Ya superados los setenta años y con una extensa filmografía de unos veinticinco largometrajes en cuarenta y cinco años, Scorsese demuestra nuevamente que pocos realizadores son capaces de superarlo e incluso igualarlo en calidad.
La que ahora nos ocupa quedará entre lo más logrado de su extensa carrera, demostrando además que no estaba todo dicho sobre el poder del dinero, que según afirma al inicio su personaje principal “nos hace mejor personas”. Hay en ese comienzo una escena antológica cuando un Jordan muy joven se reúne con Mark Hanna, increíble caracterización de Matthew McConaughey como un experto de la Bolsa, quien le explica con gesticulaciones y golpes en el pecho como triunfar en los negocios. Esa escena incluso aparece parcialmente en el trailer (“cola”) del film, muy inteligentemente insertada.

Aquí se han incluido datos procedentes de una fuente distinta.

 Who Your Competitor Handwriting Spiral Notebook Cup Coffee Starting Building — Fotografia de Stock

Pese a su extensa duración, tres horas exactas, la atención del espectador no se distrae en ningún momento en gran medida por la enorme y muy rica variedad de situaciones que se generan a lo largo del metraje. Hay sin embargo algunos elementos constantes, pese a la diversidad, como ser la cocaína y otras drogas y las mujeres de todo tipo con predominio de las pagas (“hookers”). Por ahí afirma uno de los personajes que “nadie que esté casado es feliz” y ello se extiende al propio Belfort y a su infeliz esposa. La crisis del matrimonio se precipita cuando aparece la bellísima Naomi interpretada por la actriz australiana Margot Robbie, reciente visitante nuestra por una filmación junto a Will Smith y vista hace poco en “Cuestión de tiempo”.

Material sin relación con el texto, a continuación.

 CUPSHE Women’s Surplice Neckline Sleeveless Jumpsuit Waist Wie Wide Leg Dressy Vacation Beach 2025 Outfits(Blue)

Otro que se destaca es Jonah Hill (“Supercool”, “Este es el fin”) en el rol de Donnie Azoff, un segundo del “lobo” que hacia el final y cuando éste va a la cárcel muestra la hilacha. Hay otros personajes singulares como el que compone el director Rob Reiner como padre de Jordan, Jean Dujardin como un banquero suizo que no simpatiza con los norteamericanos y Kyle Chandler (“La noche más oscura”, “Argo”) como un temible agente del FBI.

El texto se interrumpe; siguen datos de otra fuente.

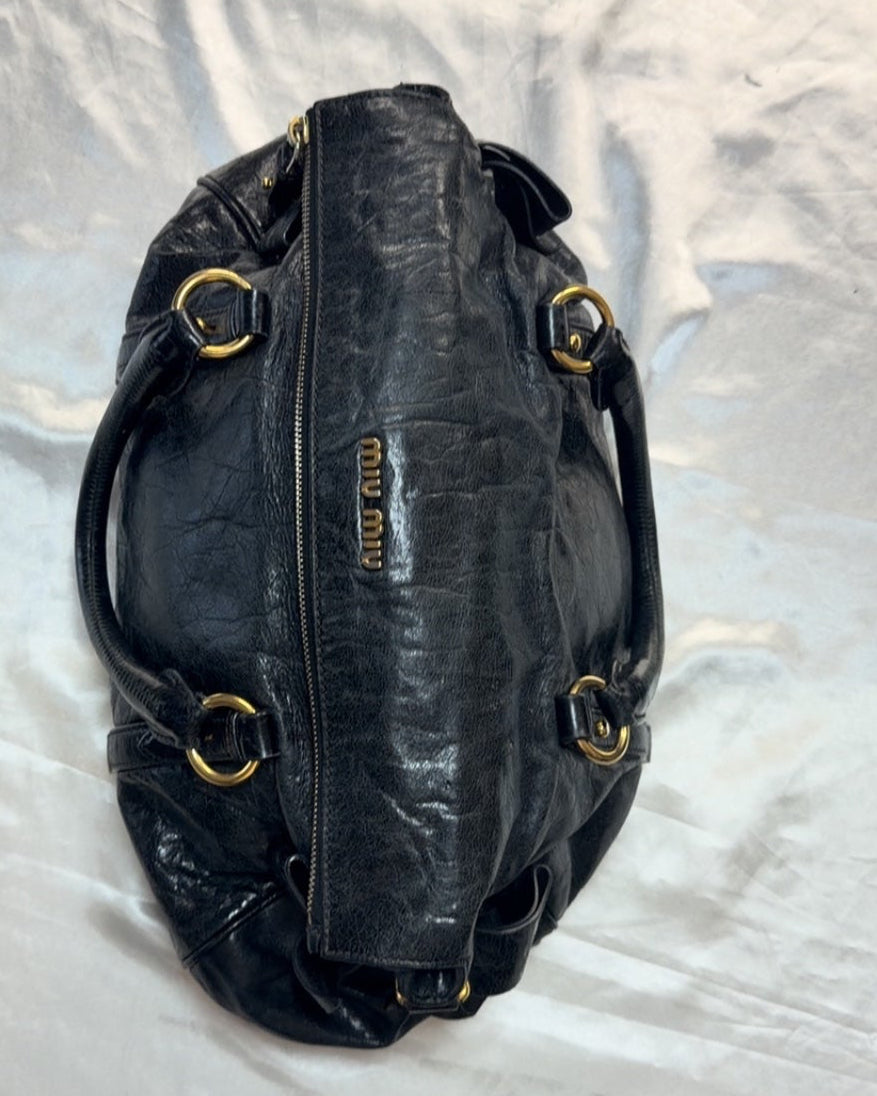 Miu Miu Bow Shine Leather Top Handle Tote in Black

Pero todo lo antes señalado no sería posible sin la omnipresente caracterización que brinda Leonardo DiCaprio. La sociedad que ha venido tejiendo con Scorsese desde 2002 con “Pandillas de Nueva York” y que casi no se ha interrumpido a lo largo de los últimos largometrajes del director de “Taxi Driver” es un hecho casi único y que registra un solo antecedente: Robert De Niro. De él DiCaprio debe haber aprendido mucho cuando en sus comienzos coprotagonizaron “Mi vida como hijo” en 1993. También ese fue el año de “¿A quién ama Gilbert Grape?” y cuatro años más tarde llegaría su consagración definitiva con “Titanic”. Lo increíble es que lo dirigieron casi todos los grandes: Spielberg (“Atrapame si puedes”), Eastwood (“J.Edgar”), Tarantino (“El gran Gatsby”) y obviamente Scorsese. Tres veces fue nominado al Oscar y tres veces no lo ganó. Pese a las reservas antes señaladas sería justo que se lo llevara esta vez por lo que muestra en “El lobo de Wall Street”. Inolvidables son sus reflexiones hacia el público, frente a la cámara, sus desbordes en las fiestas como la del Casino Mirage (las Vegas), su estado alucinado que lo lleva a destruir virtualmente su auto deportivo o sus alocuciones a sus empleados, muchos personajes de la peor calaña que lo ven como un líder indiscutido. Cuando el espectador vea esta película seguramente retendrá, entre muchas otras, una escena hacia el final en que simplemente enseña a sus circunstanciales acompañantes algo que parece tan simple como “vender una lapicera”. De perlitas como ésa está llena una obra mayor de un grande como Martin Scorsese.